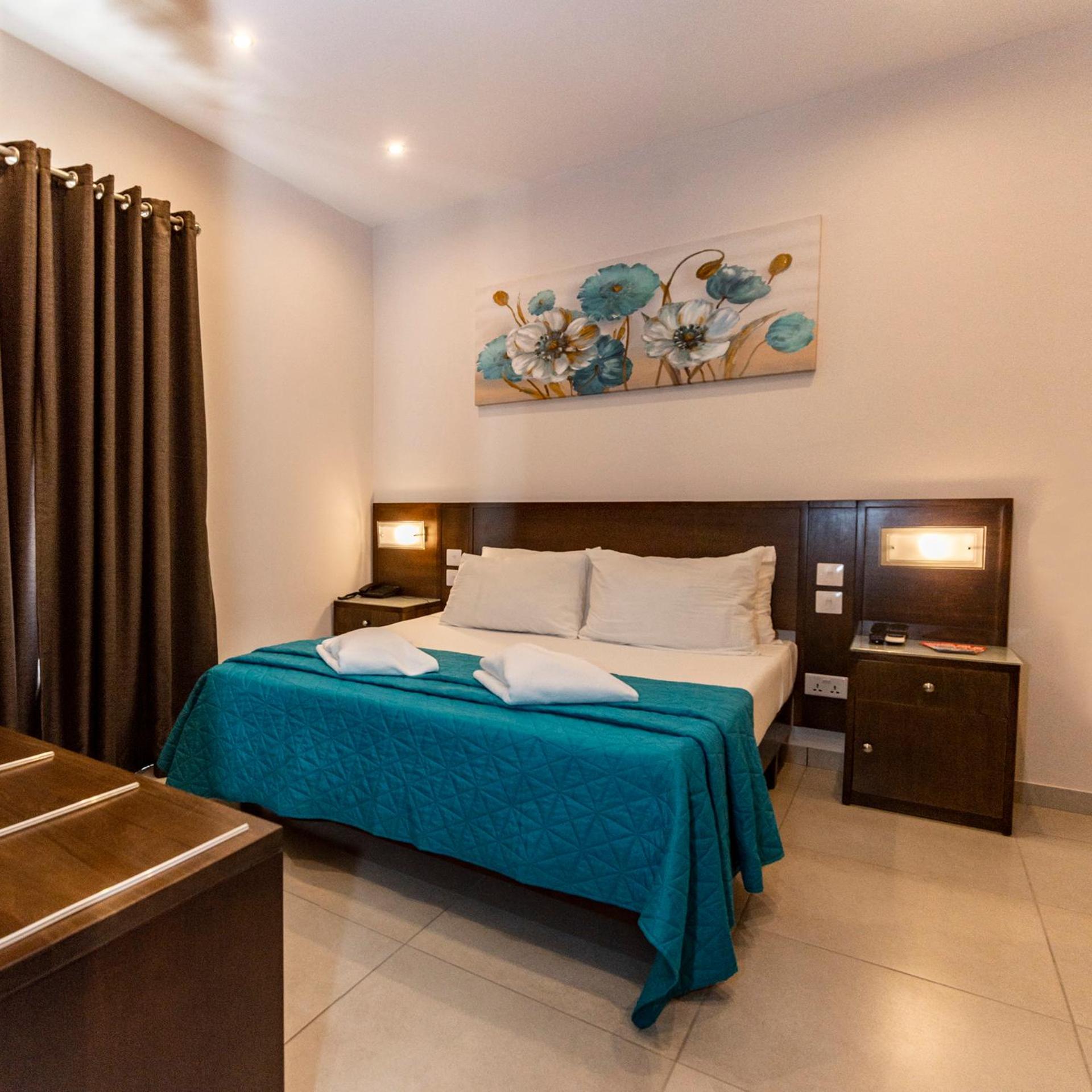 غرفة بسرير مزدوج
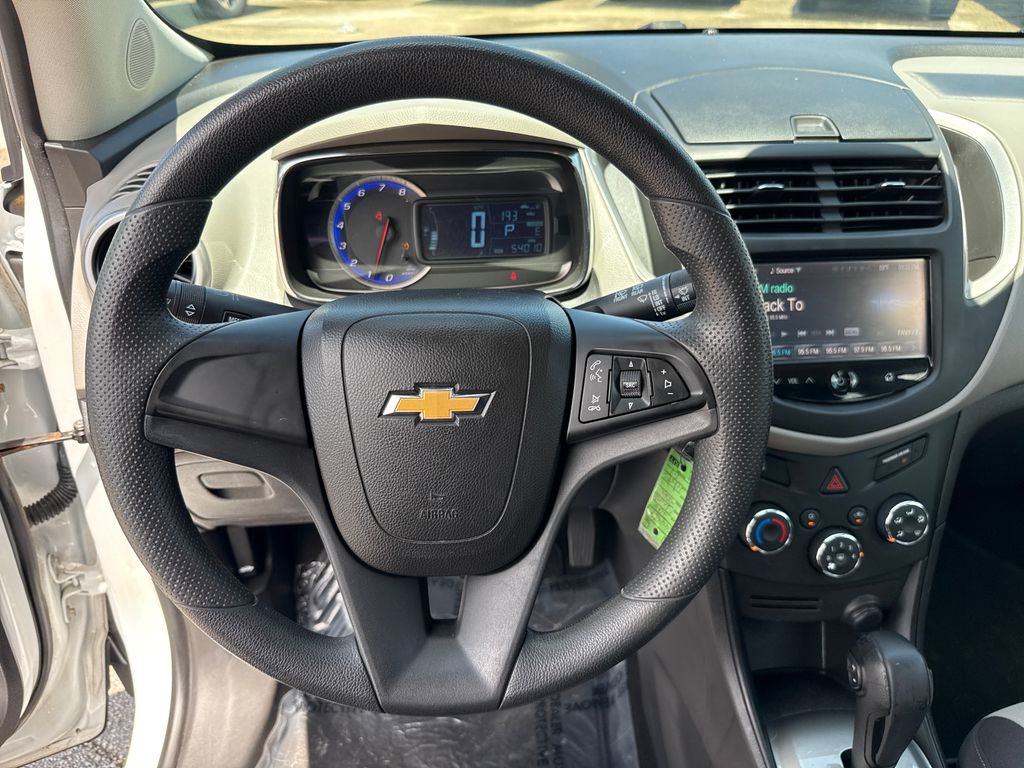Used 2016 White Chevrolet LS image 14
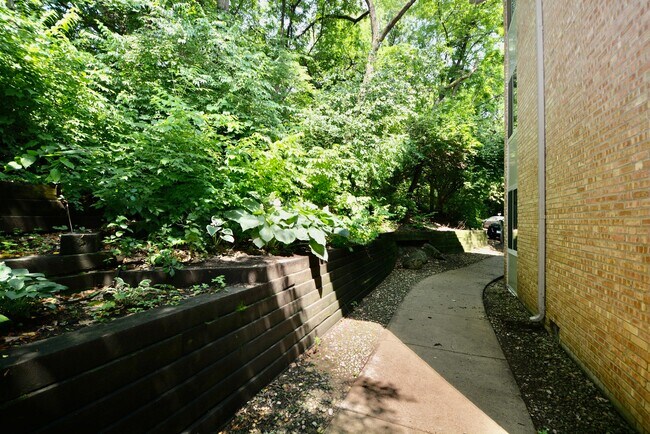 5880 Forest View Rd in Lisle, IL - Building Photo - Building Photo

§ **What you will do**
The whole listing should be retyped word for word; none of its pictures belong in the copy.

§ **Output for this exercise**
 غرفة بسرير مزدوج
Used 2016 White Chevrolet LS image 14
 5880 Forest View Rd in Lisle, IL - Building Photo - Building Photo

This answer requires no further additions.